The "P" in PDF stands for "Portable", and PDF is now an ISO Specification. So you could be forgiven for being surprised when you learn about XFA. We're asked about it a lot so what follows is a bit of a FAQ.
What is XFA
XFA stands for "XML Forms Architecture", and it's been part of Acrobat since Acrobat 6. It's an XML syntax which defines the document (the whole document, not just the form fields) and is embedded inside the PDF. While the specification itself is open and available, it's not part of the ISO PDF specification. It's also long (1500+ pages) and complex, having gone through 10 revisions since Acrobat 6. XFA was deprecated in 2020 with the release of PDF 2.0.
Why does it exist?
Well, the original forms in PDF are arguably a bit of a flawed design and there are a lot of things that could have been done better, so there was room for improvement. XFA is a dialect of XML, which is a sensible container format, and it separates data from content in much the same way as the W3C XForms specification, which is undeniably a good thing.
So what are the problems with XFA
Personally I have quite a list, but the main one is XFA replaces, not augments, the PDF specification: the PDF file is now just a container, and the entire document is defined in the XFA layer. It undoubtedly warranted a new XFA file format; so by trying to elbow it in via the existing standard of PDF Adobe ensured a generation of confusion and annoyance from third party vendors and their customers.
Which tools support it?
For full support, you need Adobe's own products. Our API has limited support as described below, and we expect other third-party products to have support ranging from none to limited.
How do I create an XFA document?
You need an XFA-aware PDF producer, which is likely to be Adobe LiveCycle. When you save your document it will save it as an XFA PDF, and you'll have two options:
- By default, the XFA-enabled PDF is just a basic shell around the XFA document. The entire document is defined in XFA, and an application that's not aware of XFA simply gets a single page PDF requesting you use a newer version of Acrobat.
- You can also save your XFA PDF in "compatibility" mode, which will also create the pages, form fields and other content in the normal PDF way - the document is effectively stored twice, once as XFA, once as PDF. An XFA-aware application like Acrobat will read from the XFA layer (and ignore the PDF layer), and a non-XFA aware application will ignore the XFA layer and use the PDF layer. Obviously, subsequent edits should be made with a tool that can keep the two in sync.
What support do BFO tools have for XFA?
- For PDFs saved without the "compatibility" layer, almost none. You can retrieve or update the XFA object as an XML document, or you can update just the "datasets" object, which is the data model. This effectively allows you to read and write the form values, although you can't see the fields themselves. You can also read/write the document metadata (author, title etc.) but anything else related to document content is unavailable: you can't access the document pages (the pagelist will always return a single dummy page) and you can't view or edit the form fields.
- PDFs saved with a "compatibility" layer can be accessed for reading in a normal way - the PDF pages are valid so you can display them in our viewer or list the form fields and their content. You can also update the values of the form fields (we synchronize the XFA data to match) but any other changes to the PDF will not be synchronized and so will be ignored by Acrobat - so changes like this should be avoided.

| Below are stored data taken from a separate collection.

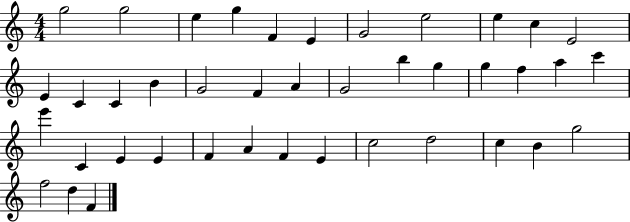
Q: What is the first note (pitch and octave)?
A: G5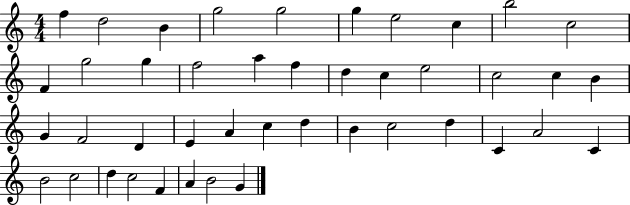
{
  \clef treble
  \numericTimeSignature
  \time 4/4
  \key c \major
  f''4 d''2 b'4 | g''2 g''2 | g''4 e''2 c''4 | b''2 c''2 | \break f'4 g''2 g''4 | f''2 a''4 f''4 | d''4 c''4 e''2 | c''2 c''4 b'4 | \break g'4 f'2 d'4 | e'4 a'4 c''4 d''4 | b'4 c''2 d''4 | c'4 a'2 c'4 | \break b'2 c''2 | d''4 c''2 f'4 | a'4 b'2 g'4 | \bar "|."
}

- The final thing you can do with compatibility XFA documents is delete the XFA layer. Once removed, Acrobat will treat the PDF as a normal PDF and pages can be modified, form fields added or removed without problems.

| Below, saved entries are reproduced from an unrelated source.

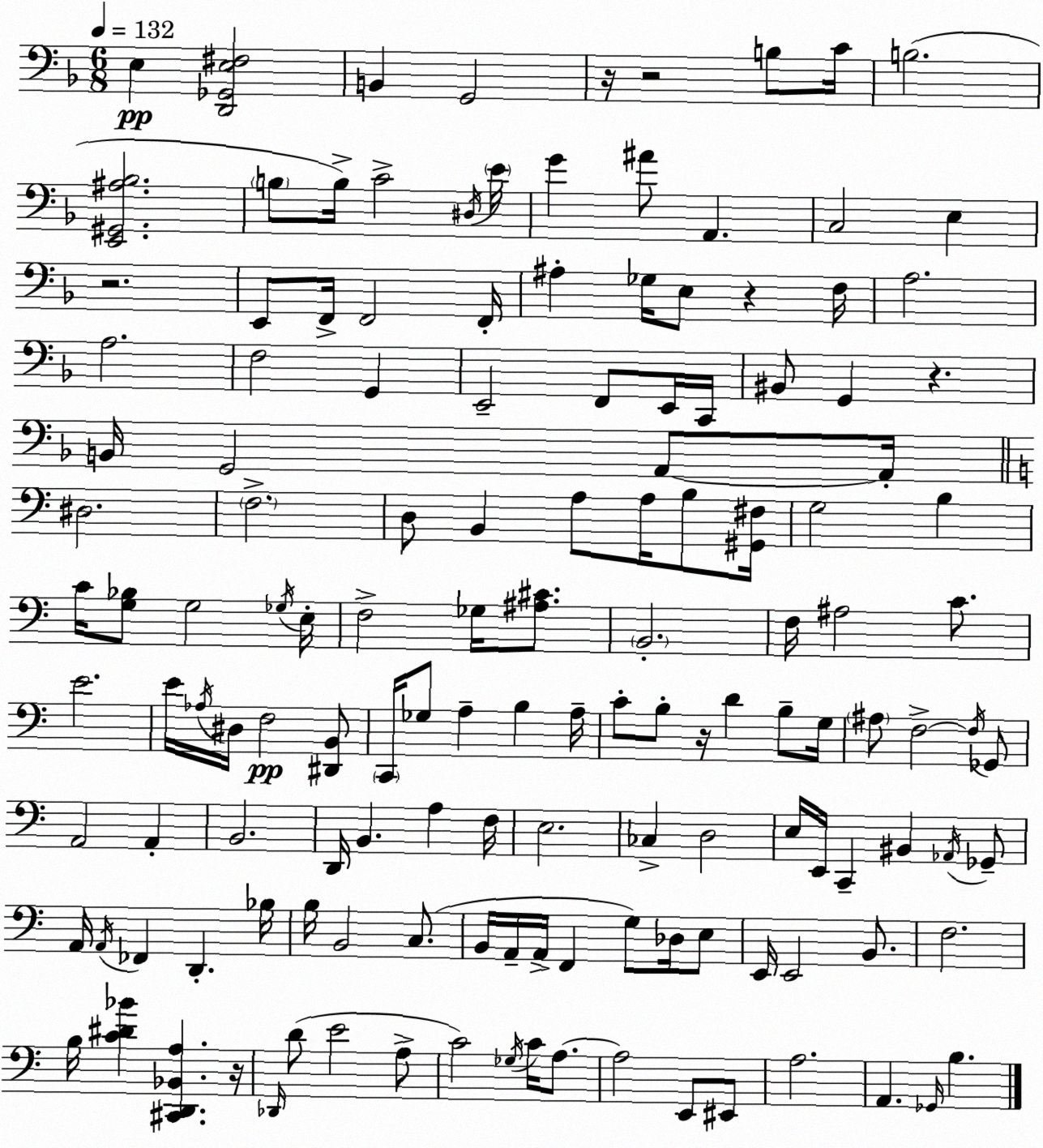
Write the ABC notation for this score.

X:1
T:Untitled
M:6/8
L:1/4
K:Dm
E, [D,,_G,,E,^F,]2 B,, G,,2 z/4 z2 B,/2 C/4 B,2 [E,,^G,,^A,_B,]2 B,/2 B,/4 C2 ^D,/4 E/4 G ^A/2 A,, C,2 E, z2 E,,/2 F,,/4 F,,2 F,,/4 ^A, _G,/4 E,/2 z F,/4 A,2 A,2 F,2 G,, E,,2 F,,/2 E,,/4 C,,/4 ^B,,/2 G,, z B,,/4 G,,2 A,,/2 A,,/4 ^D,2 F,2 D,/2 B,, A,/2 A,/4 B,/2 [^G,,^F,]/4 G,2 B, C/4 [G,_B,]/2 G,2 _G,/4 E,/4 F,2 _G,/4 [^A,^C]/2 B,,2 F,/4 ^A,2 C/2 E2 E/4 _A,/4 ^D,/4 F,2 [^D,,B,,]/2 C,,/4 _G,/2 A, B, A,/4 C/2 B,/2 z/4 D B,/2 G,/4 ^A,/2 F,2 F,/4 _G,,/2 A,,2 A,, B,,2 D,,/4 B,, A, F,/4 E,2 _C, D,2 E,/4 E,,/4 C,, ^B,, _A,,/4 _G,,/2 A,,/4 A,,/4 _F,, D,, _B,/4 B,/4 B,,2 C,/2 B,,/4 A,,/4 A,,/4 F,, G,/2 _D,/4 E,/2 E,,/4 E,,2 B,,/2 F,2 B,/4 [C^D_B] [^C,,D,,_B,,A,] z/4 _D,,/4 D/2 E2 A,/2 C2 _G,/4 C/4 A,/2 A,2 E,,/2 ^E,,/2 A,2 A,, _G,,/4 B,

How do I know what sort of PDF I have?
- To identify an XFA document, you can check the
feature in the PDF OutputProfile:
boolean xfa = pdf.getBasicOutputProfile().isSet(OutputProfile.Feature.XFAForm);
- Identifying a non-compatibility layer PDF is trickier. Our API will only find a single page and no form fields, and most XFA documents would contain at least one field so this is probably a good test. The only way to know for sure is if you open the PDF with our viewer (or any non-Acrobat viewer) and you see "To view the full contents of this document, you need a later version of the PDF viewer", "If this message is not eventually replaced by the proper contents of the document, your PDF viewer may not be able to display this type of document." or other words to that effect.
How do I delete the XFA layer and what are the consequences?
How is very simple: with our API, just call:
For documents that are going through a final stage of processing before being sent out, and where the customer isn't expected to modify the form, removing the XFA layer should be fine.
What is the best practice for using XFA?
- If there are any products in the PDF's life cycle that are not produced by Acrobat - this includes general tools like ours, PDF viewers (perhaps on your customers machine), any archival requirements like those imposed by PDF/A or print service suppliers - then the best practice is to avoid it. Support from third-party vendors is extremely limited and likely to stay that way.
- If you have to use XFA, then always save your PDF with a "compatibility" layer. This will allow basic modifications as described above, and will give you the option of deleting the XFA layer if necessary.